Opinion: BC government rightly roasted over dumb ‘self-care bingo’

The B.C. government Twitter account got dragged hard on Friday and it’s all their own fault.

The account posted a “self-care bingo” card so people could “identify how you’ve taken care of yourself so far this week” in regards to their mental health during the COVID-19 pandemic. In the spaces (shown above) were such actions as meditation, going for a walk, taking a nap and reading a book.

It also included the centre square filled with “Cried. Let it out.”

The response to it was immediate, with a long list of responses telling the government it had wildly misjudged its audience for this. Many people were downright furious. A main message in response was that B.C. has done a terrible job of funding mental health programs and was now putting the focus on people doing the work for them.

People also responded that one big reason why people are under such stress is that the province has done a bad job managing the pandemic and not instituted enough measures to protect people from its financial side effects.

I was particularly irked by one square that mentioned people making a “blanket fort” to deal with their stress. That was an asinine decision to include that because it crossed a line into making a joke.

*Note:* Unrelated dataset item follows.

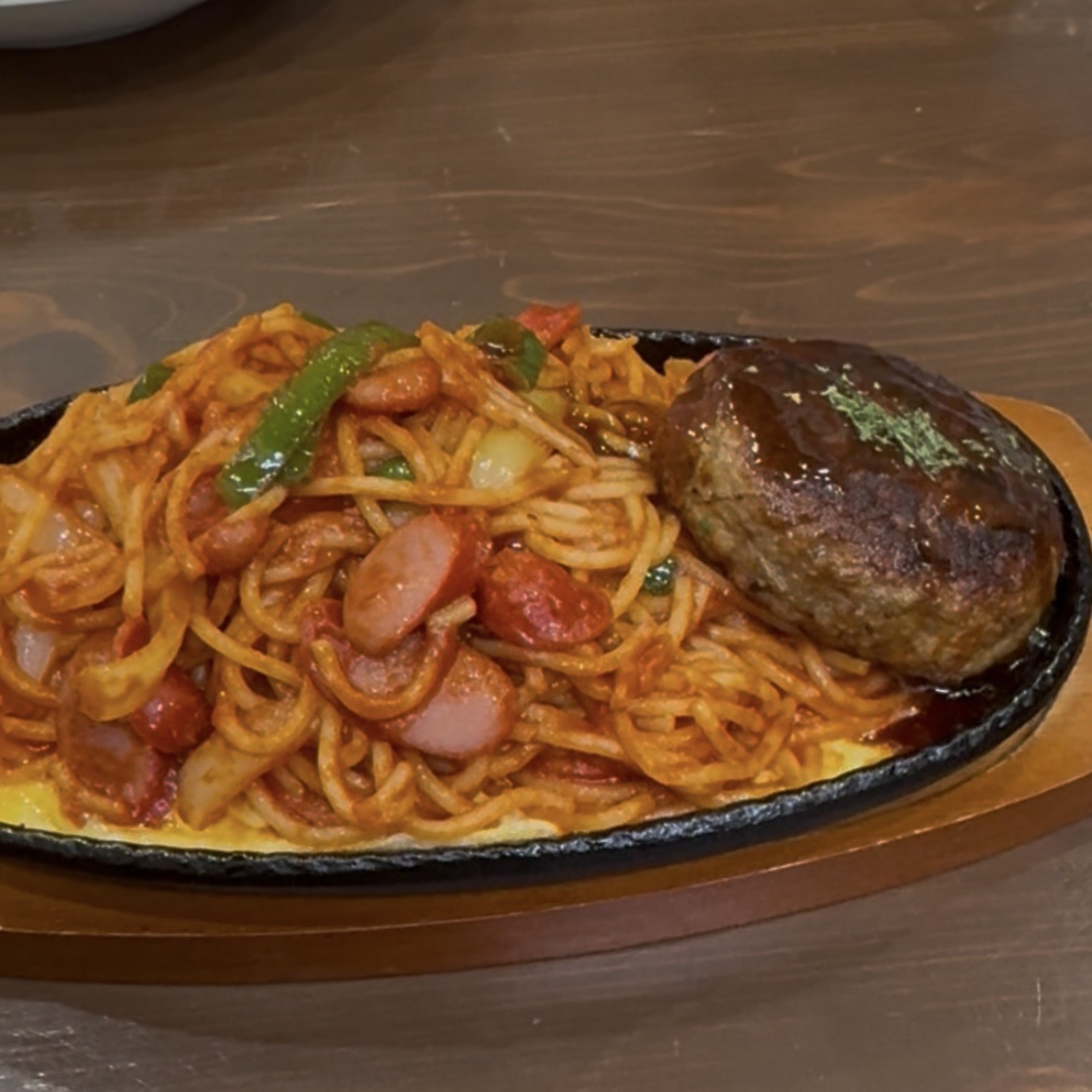 鉄板ナポリタンと手作りハンバーグ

I was OK with the centre square about crying. I think we need to normalize the act of crying, especially for men. Sometimes it’s good to cry, but we constantly are fed the message that we need to “man up.” But the overall exercise was a staggering mistake and an example of how too much money is spent on government communications staff instead of programs to help people.

Some people redesigned the bingo card to highlight the kind of mental health programs that aren’t properly funded by the government. (See second image above.)

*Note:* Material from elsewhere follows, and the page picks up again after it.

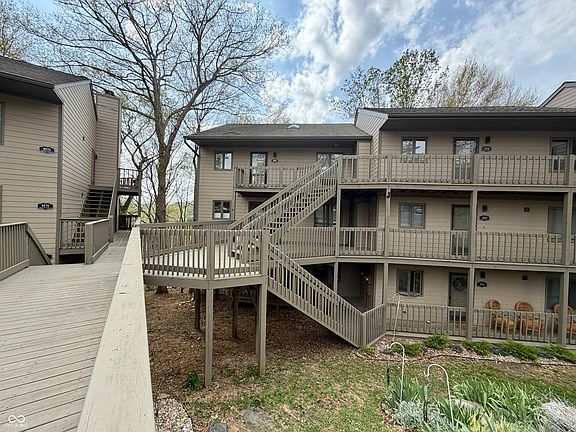 3rd image of 9572 S Lake Ridge Dr #171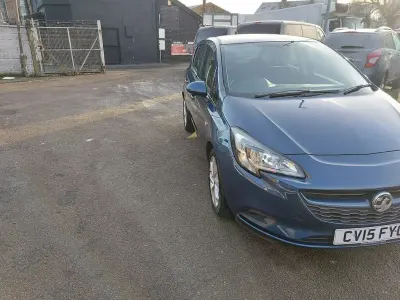 Używany Vauxhall Corsa 2015 Niebieski Hatchback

Simon Matijesevic tweeted that the onus of mental health shouldn’t be on citizens in the form of self-care actions.

“This is offensive. Insulting and offensive. It demonstrates how utterly ignorant the gov is to the reality citizens lives,” Matijesevic wrote. “Do your job, don’t ask the citizens to do it for you. People are dying, losing their financial security, their futures, and so . . . here’s a bit of bingo.”

Here is a sample of other responses.

Randy Ferbster: “Our tax dollars hard at work. Someone got paid for this ridiculous idea and someone else got paid to design it.”

Free and low cost options? It’s taken literally half of my life of begging to see a psychiatrist and thousands and thousands of dollars in therapy and meditation to keep me alive. But yeah, I’ll meditate instead,” wrote Raven Loucks.

“Thank you government for giving us ‘crying it out’ as a free space as if it’s just acceptable for our mental health to be kicked to the curb and stomped on like it doesn’t matter,” wrote Mackenzie Keast.

Some people were OK with the government’s post.

“I sincerely don’t get why people are so offended by this. There is no evidence that making yourself extra-miserable reduces transmission rates. Mental health helps,” tweeted Carmen Mills.

Following the backlash, the B.C. government Twitter account offered this response, which is definitely not an apology, nor much of a mea culpa: “COVID-19 has caused mental, emotional and financial stress. Our post was meant to give people ideas of how they can take care of themselves and their neighbours and point them to free and low-cost mental health supports. We’ve seen positive feedback, but also heard we missed the mark. We know there’s a lot more work to do to get through this — we’re committed to doing the work.”